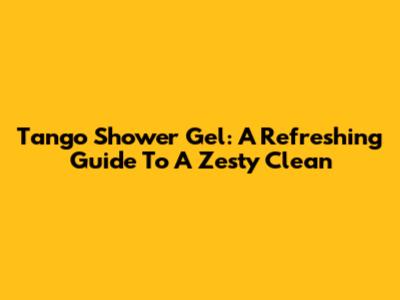 Tango Shower Gel: A Refreshing Guide To A Zesty Clean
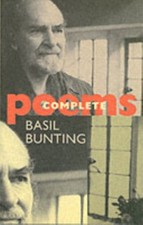 Complete Poems by Basil Bunting PAPERBACK 9781852245276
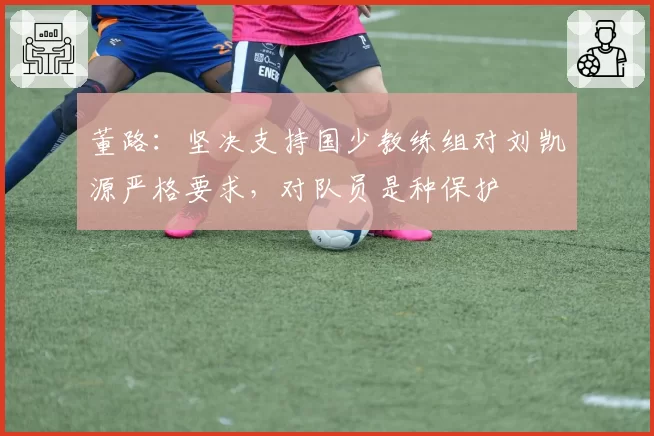 董路：坚决支持国少教练组对刘凯源严格要求，对队员是种保护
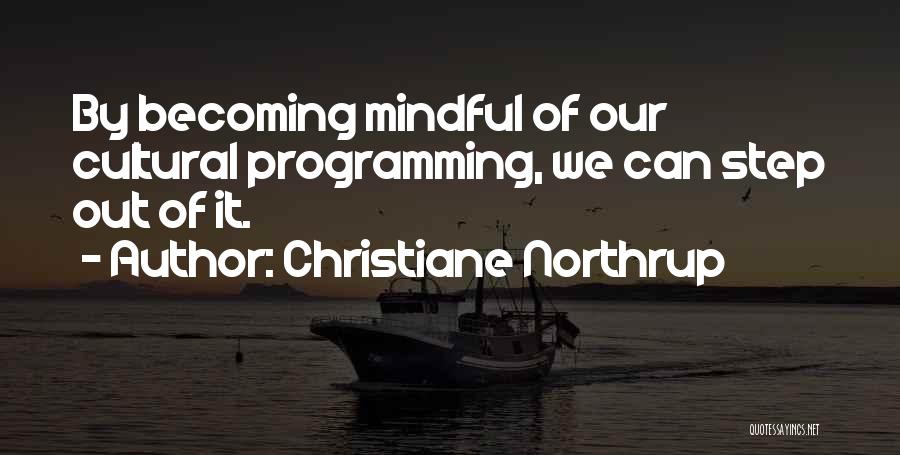 Christiane Northrup Quotes: By Becoming Mindful Of Our Cultural Programming, We Can Step Out Of It.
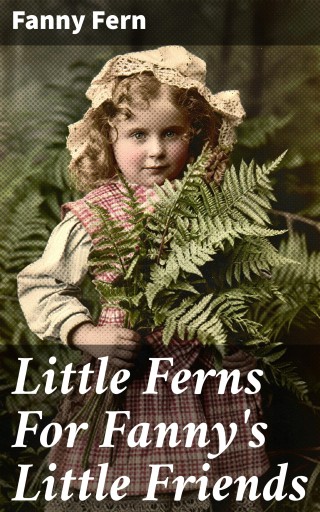Little Ferns For Fanny's Little Friends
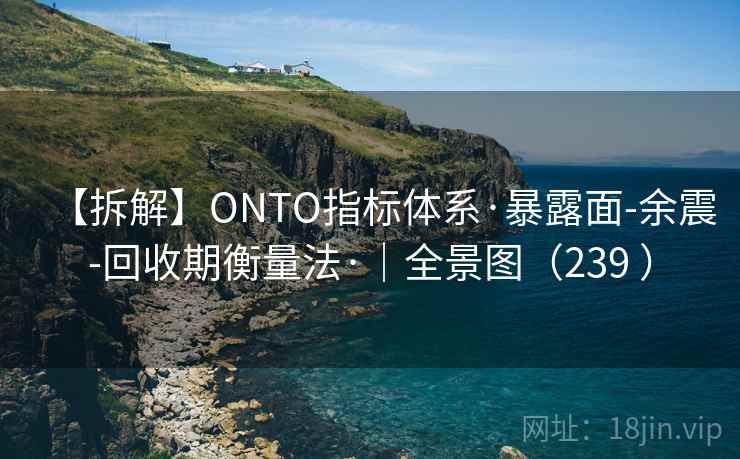 【拆解】ONTO指标体系·暴露面-余震-回收期衡量法·|全景图(239 ) 【拆解】ONTO指标体系·暴露面-余震-回收期衡量法·|全景图(239 )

+-------+

**What you will do**: Please retype the listing above word for word, skipping each picture.

**Completed exercise**:
 Tango Shower Gel: A Refreshing Guide To A Zesty Clean
 Complete Poems by Basil Bunting PAPERBACK 9781852245276
 董路：坚决支持国少教练组对刘凯源严格要求，对队员是种保护
 Christiane Northrup Quotes: By Becoming Mindful Of Our Cultural Programming, We Can Step Out Of It.
Little Ferns For Fanny's Little Friends
 【拆解】ONTO指标体系·暴露面-余震-回收期衡量法·|全景图(239 ) 【拆解】ONTO指标体系·暴露面-余震-回收期衡量法·|全景图(239 )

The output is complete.